Using the entries below, write out the line with "421 Cambridge Circle Photo 24", the line with "Slide: The Image", and every line in between, exactly as each is written.

Record excerpts:
Start of Block

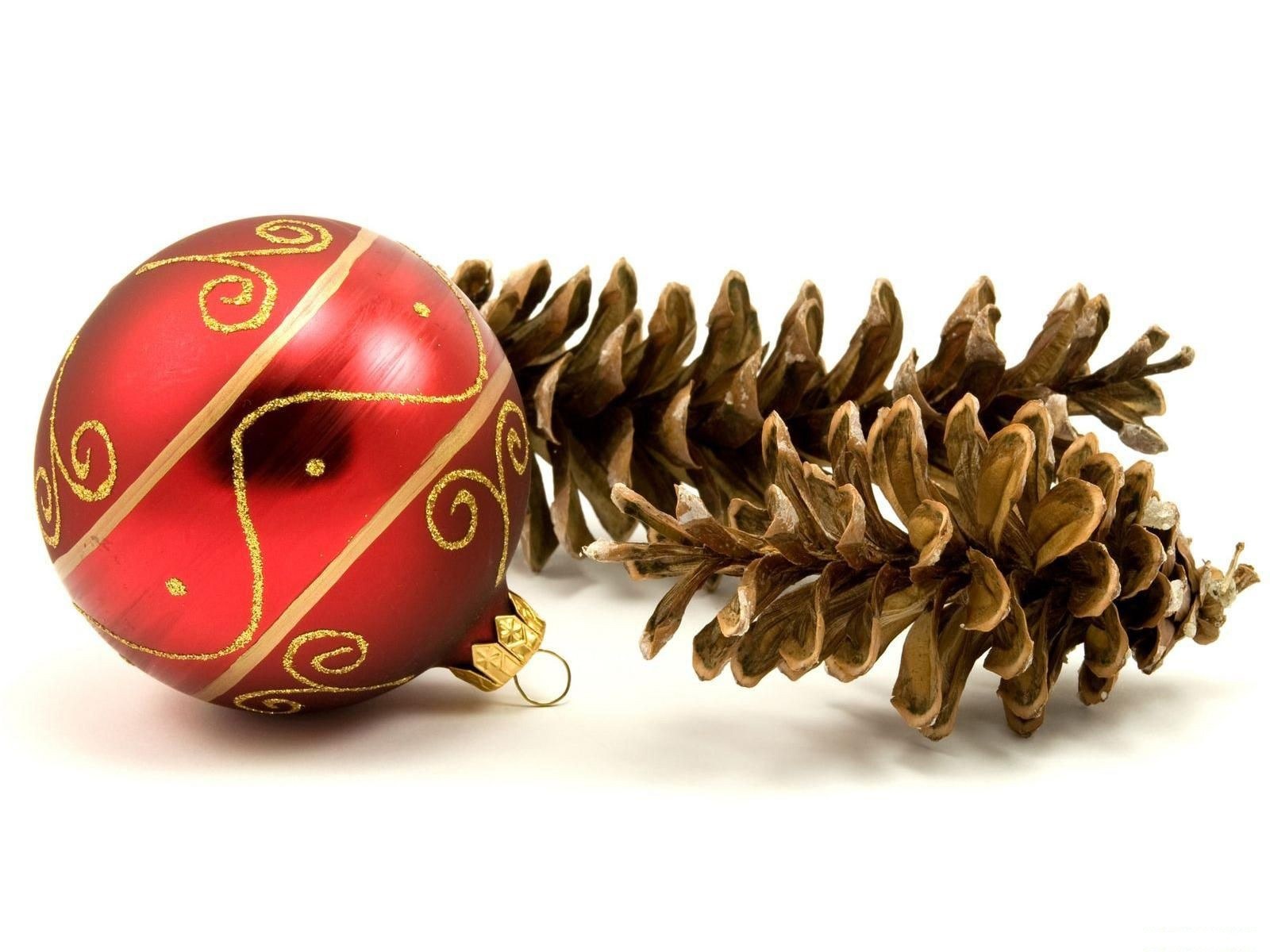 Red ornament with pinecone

End of Block
Start of Block

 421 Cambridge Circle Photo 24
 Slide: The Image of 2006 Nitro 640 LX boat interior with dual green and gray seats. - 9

End of Block

Task answer:
 421 Cambridge Circle Photo 24
 Slide: The Image of 2006 Nitro 640 LX boat interior with dual green and gray seats. - 9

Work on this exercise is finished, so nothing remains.